To do> The records below need to be repeated exactly, with every picture left out.

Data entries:
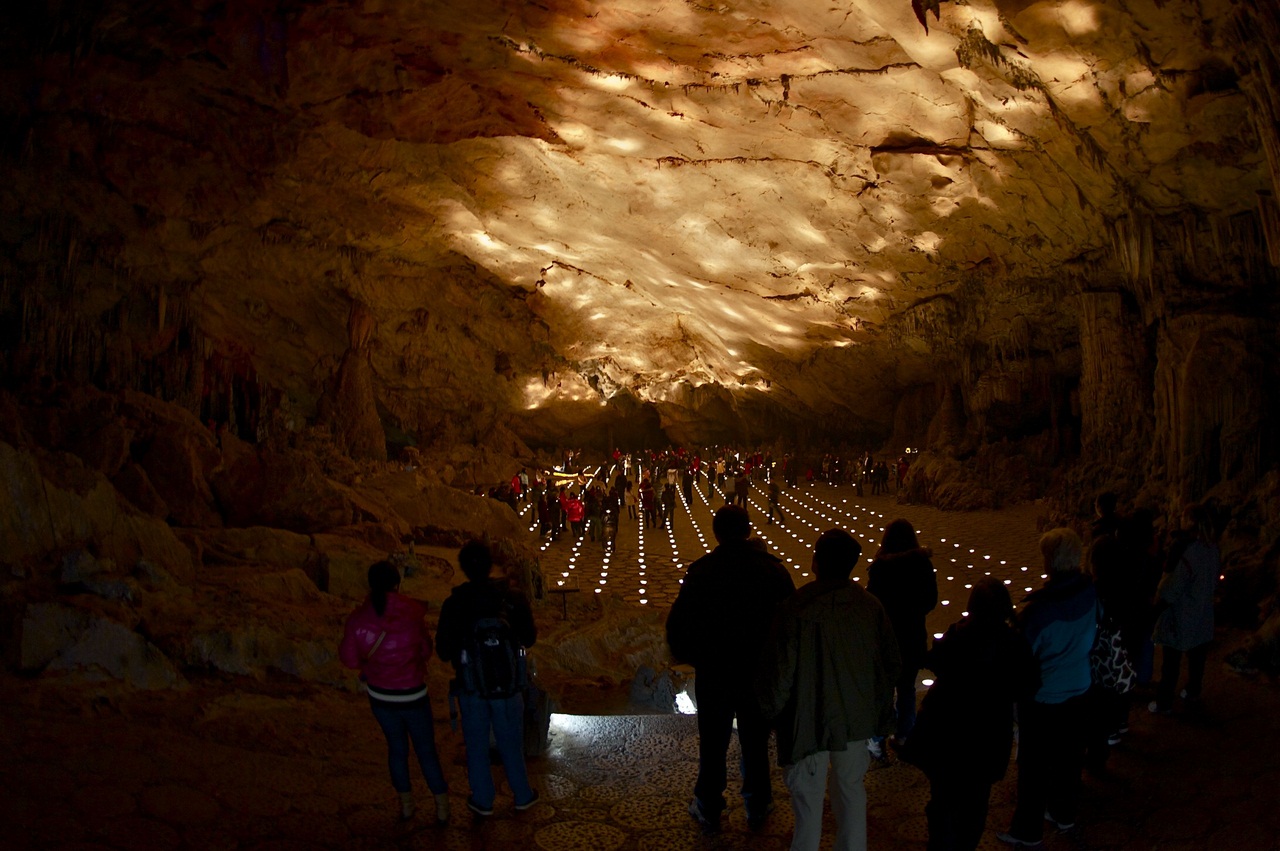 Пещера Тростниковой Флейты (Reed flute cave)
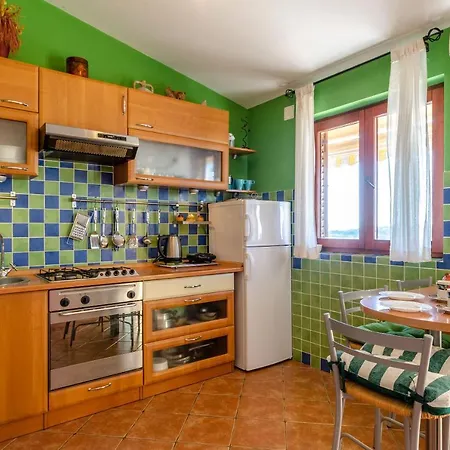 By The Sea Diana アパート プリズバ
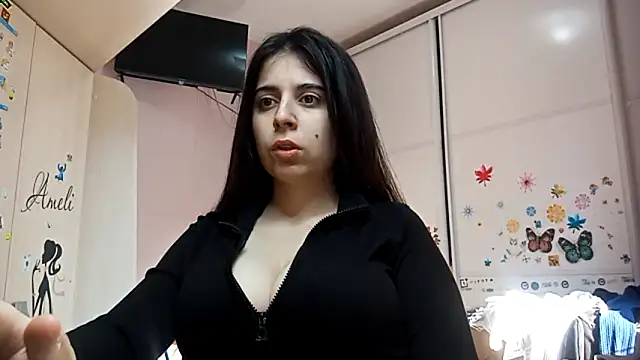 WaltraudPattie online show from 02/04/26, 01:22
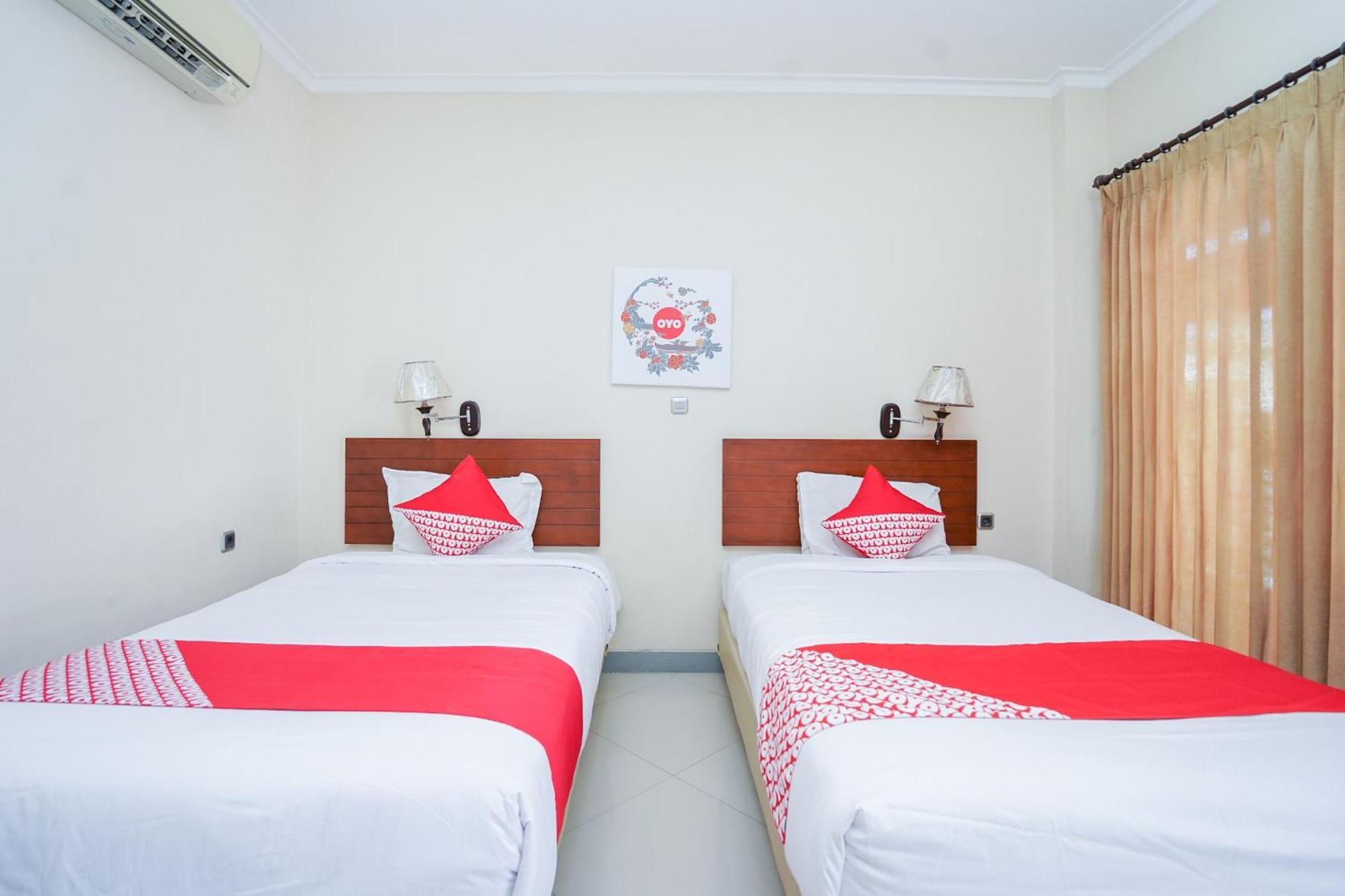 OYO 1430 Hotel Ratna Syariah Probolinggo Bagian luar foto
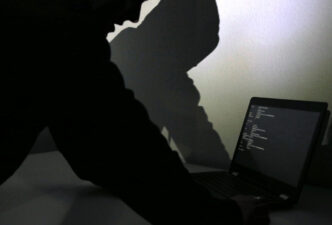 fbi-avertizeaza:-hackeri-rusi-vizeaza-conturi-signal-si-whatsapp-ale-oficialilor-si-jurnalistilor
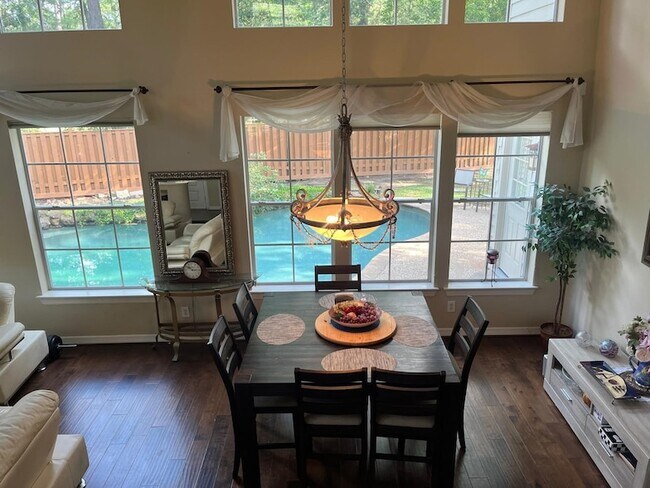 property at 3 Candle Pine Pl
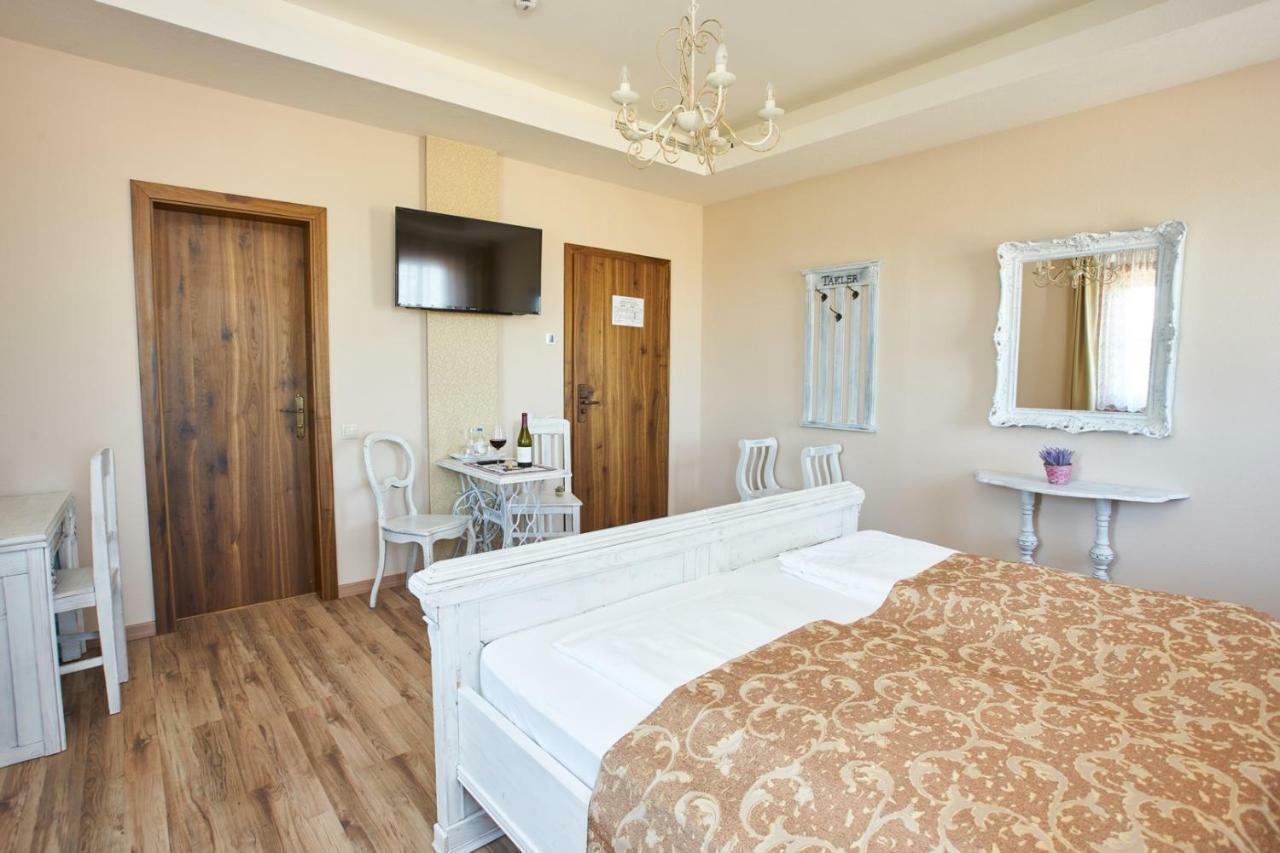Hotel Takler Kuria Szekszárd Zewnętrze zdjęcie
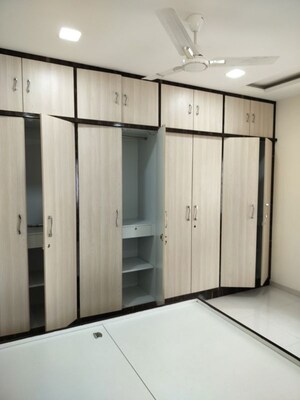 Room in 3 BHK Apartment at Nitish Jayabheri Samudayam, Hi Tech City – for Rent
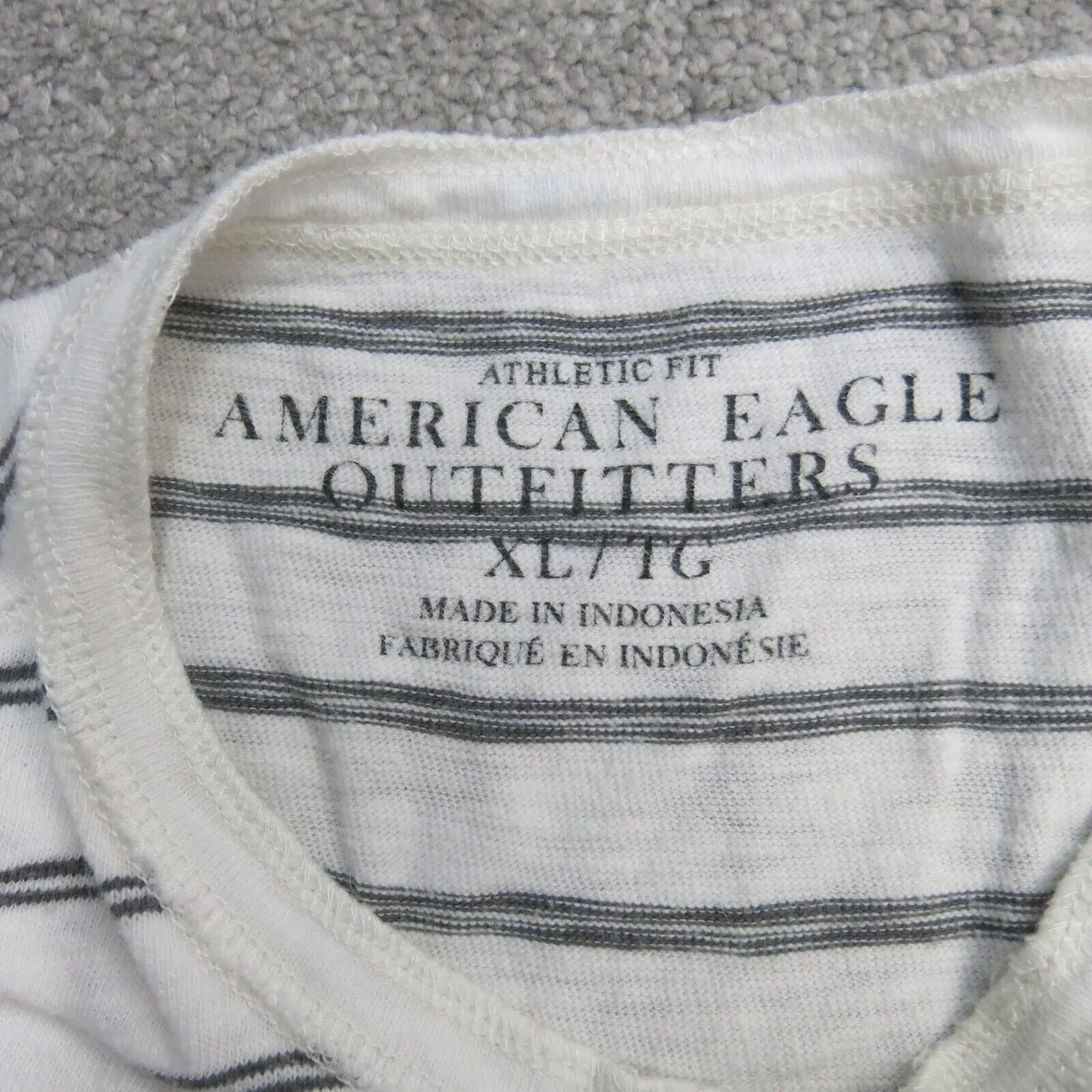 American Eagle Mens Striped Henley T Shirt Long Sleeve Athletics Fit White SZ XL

Task result>
 Пещера Тростниковой Флейты (Reed flute cave)
 By The Sea Diana アパート プリズバ
 WaltraudPattie online show from 02/04/26, 01:22
 OYO 1430 Hotel Ratna Syariah Probolinggo Bagian luar foto
 fbi-avertizeaza:-hackeri-rusi-vizeaza-conturi-signal-si-whatsapp-ale-oficialilor-si-jurnalistilor
 property at 3 Candle Pine Pl
Hotel Takler Kuria Szekszárd Zewnętrze zdjęcie
 Room in 3 BHK Apartment at Nitish Jayabheri Samudayam, Hi Tech City – for Rent
 American Eagle Mens Striped Henley T Shirt Long Sleeve Athletics Fit White SZ XL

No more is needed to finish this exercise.